RECORDS PROVIDED:
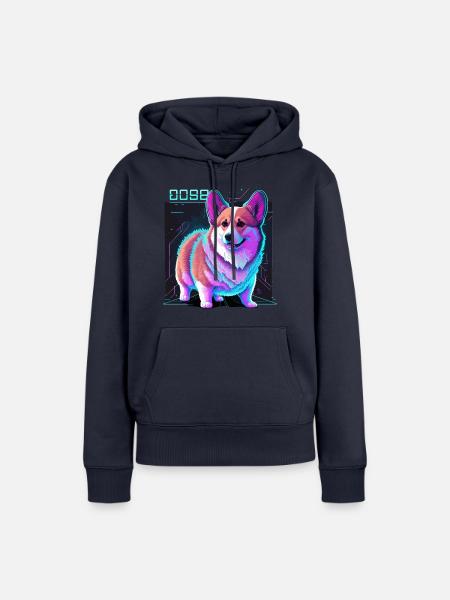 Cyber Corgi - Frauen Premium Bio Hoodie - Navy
---
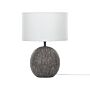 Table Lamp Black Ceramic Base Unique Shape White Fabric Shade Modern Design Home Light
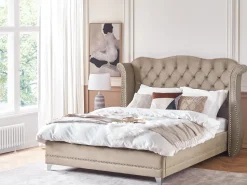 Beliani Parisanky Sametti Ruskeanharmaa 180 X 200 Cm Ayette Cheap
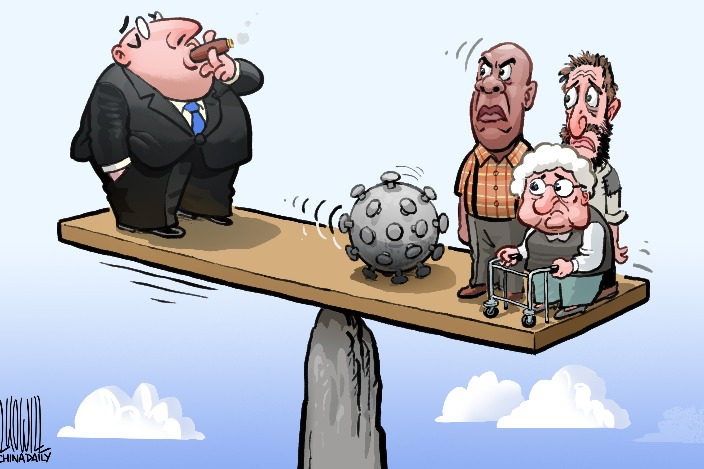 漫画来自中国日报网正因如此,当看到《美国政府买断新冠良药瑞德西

EXERCISE DETAILS:
Using the entries above, extract exactly the lines from the one that contains "Beliani Parisanky Sametti" through the one that contains "漫画来自中国日报网正因如此,当看到《美国政府买断新冠良药瑞德西". Do not carry over any pictures.

ANSWER SECTION:
 Beliani Parisanky Sametti Ruskeanharmaa 180 X 200 Cm Ayette Cheap
 漫画来自中国日报网正因如此,当看到《美国政府买断新冠良药瑞德西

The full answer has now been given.